Danube management plan a big step forward
Measures include the reduction of organic and nutrient pollution, offsetting environmentally detrimental effects of man-made structural changes to the river, improvements to urban wastewater systems, the introduction of phosphate-free detergents in all markets and effective risk management of accidental pollution. Other measures include efforts to restore migration of fish, such as the giant beluga sturgeon, across dams as well as to reconnect former floodplain wetlands to the river. The plan takes a source-to-sea approach and addresses key requirements of the European Union Water Framework Directive.

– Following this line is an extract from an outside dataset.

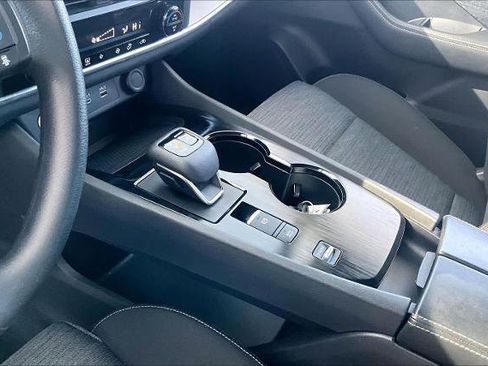 Certified 2023 Nissan Rogue SV image 15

The plan was adopted by ministers and high-level representatives responsible for water in the Danube basin from Austria, Bosnia and Herzegovina, Bulgaria, Croatia, the Czech Republic, Germany, Hungary, Montenegro, the Republic of Moldova, Romania, Serbia, Slovakia, Slovenia, Ukraine and the European Commission at a Ministerial Meeting organised by the International Commission for the Protection of the Danube River (ICPDR) in Vienna on 16 February 2010.
WWF, speaking at the Ministerial Meeting on behalf of the 5 NGO observers at the ICPDR, warmly welcomed adoption of the Danube River Basin Management Plan, but raised a number of concerns regarding its implementation, including ongoing plans to develop inland navigation as well as hydropower on the Danube. The NGOs also called on the ministers to support an EU-wide ban of phosphates in detergents.
Before the Ministerial Meeting, WWF, Bund fuer Naturschutz (Friends of the Earth Germany) and LBV (BirdLife Germany) presented the president of the ICPDR with 100,000 signatures of a petition calling on Danube governments to protect the Danube as a living river and to avoid damage from infrastructure development connected to navigation.
The Ministers at the ICPDR meeting also evaluated the progress towards the protection and sustainable use of water and other ecological resources and reaffirmed and strengthened their commitment to transboundary cooperation in the Danube River Basin.
Flood action plans for the 17 sub-basins in the Danube catchment area were also officially adopted at the meeting. The sub-basin plans contain hundreds of concrete measures the Danube countries will take to protect their populations from floods and to mitigate the flood damage and losses, such as those caused by the massive floods in the years 2002, 2005 and 2006.
The ICPDR ministerial meeting was followed by a short event organised by WWF to celebrate the 10th year anniversary of the Lower Danube Green Corridor.